The rectangular detention block in the middle of the castle commons originally had three levels, but the two upper levels were destroyed in the 1531 earthquake. Remodelling completed in the 19th century took from the character of the façade.

The first line of walls are reinforced by cylindrical towers and interrupted by vertical openings. The castle's bastions, completed in the 18th century, are distributed around the older part of the settlement of Abrantes.

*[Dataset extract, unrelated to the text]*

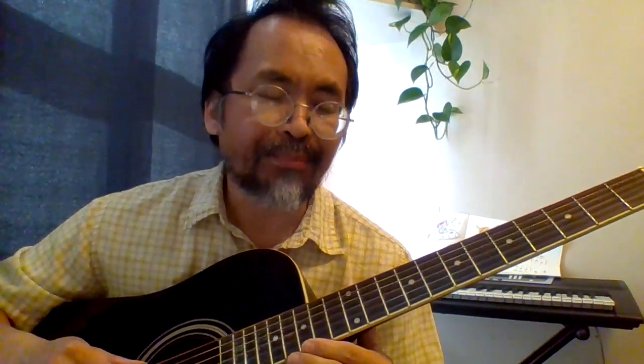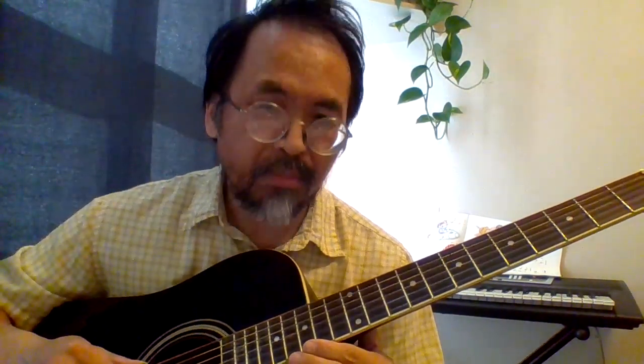This is the only guitar I have right now. Any guitar is better than no guitar, right? But I'll be honest — this is just a very basic entry-level, non-sophisticated guitar compared to the Martins I had in the past. You can make practicing more enjoyable by getting a classical guitar. If your hands are small or you're younger, you don't have to get a full size — you can get a seven-eighths or a three-quarter.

The old military square, and on the western extent of the castle, are the ruins of the old Paço dos Condes de Abrantes(Residence of the Counts of Abrantes). Begun in 1530, by the sheriff of the vila, Diogo Fernandes de Almeida, it was designed to take advantage of the wall to reinforce the structure. The Paços, marked by grandiose architectural elements in the Baroque style, was substantially modified in the 18th century by the first Marquis of Abrantes, Rodrigo Anes de Sá Almeida e Menezes. Of these elements the loggia, consisting of an arcade of 11 perfect spans, aligned symmetrically on two cylindrical tiers, are the most distinctive part of the Abrantes complex.

In the interior, the Church of Santa Maria do Castelo, in the Gothic style has been converted into a museum exhibiting a collection of Roman sculpture, funerary artefacts from the 15th and 16th century, as well as azulejos.